Burger King said it would only source pork from suppliers that can demonstrate documented plans to end their use of gestation crates for pregnant sows, a move supported by the Humane Society of the United States (HSUS).
The company is the third in the American fast-food sector to make the commitment for sow welfare - after McDonald’s in February and Wendy’s in March - and the first to phase out battery cages.
“With the big three fast-food companies shunning gestation crates, the message is unmistakable to the pig industry: stop circling the wagons to defend an unacceptable production system, and chart a future course without these crates,” said HSUS.
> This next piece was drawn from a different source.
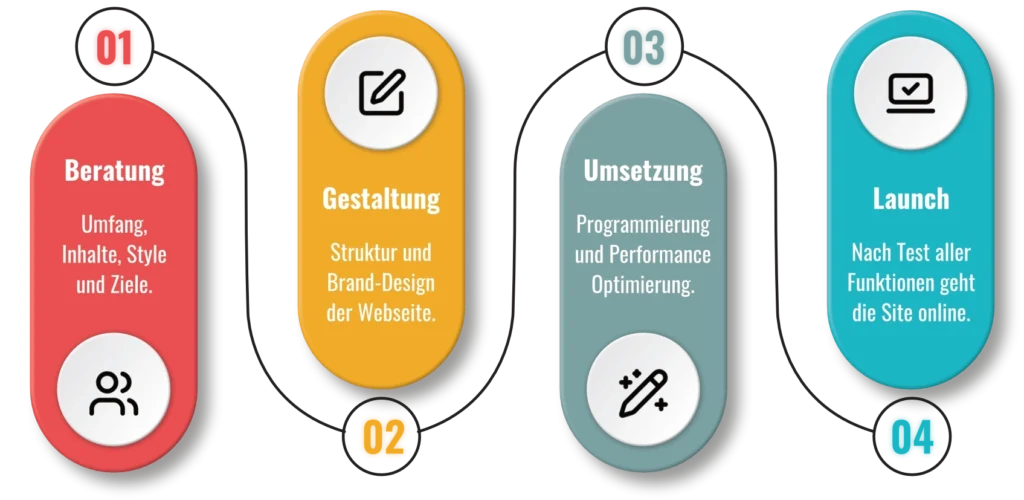 Website erstellen lassen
Burger King chief brand and operations officer added: “For more than a decade, Burger King has demonstrated a commitment to animal welfare and, through our BK Positive Steps corporate responsibility program, we continue to leverage our purchasing power to ensure the appropriate and proper treatment of animals by our vendors and suppliers. We are proud to announce these new, industry-leading commitments that support meaningful standards of humane treatment in our US supply chain.”
Since the beginning of 2012, major US food companies, including Hormel and Smithfield, have announced their intention to make the transition towards group pens for sows, a voluntary move modelled on the sow stall ban due to be implemented in the EU in January 2013.
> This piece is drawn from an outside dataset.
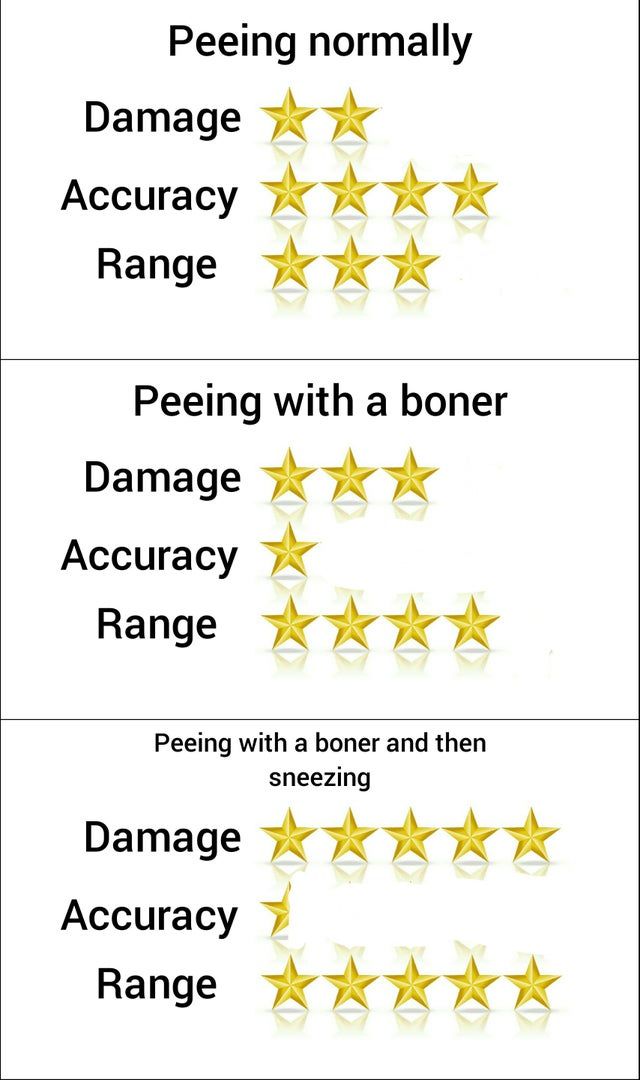 Peepee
The Australian pork industry is also heading in that direction, aiming to phase out gestation crates by 2015.
In 2011, Burger King received the HSUS’ 'Corporate Progress Award' for its animal welfare practices, and works with the organisation, as well as other industry associations, suppliers and government representatives to make informed decisions about its standards.
Wayne Pacelle, president and CEO of HSUS, said: “Burger King has demonstrated when it comes to America’s largest fast food chains, it continues to set the standard. These changes (...) will improve life for countless farm animals and encourage other companies to abide by animal welfare principles up and down their supply chain.”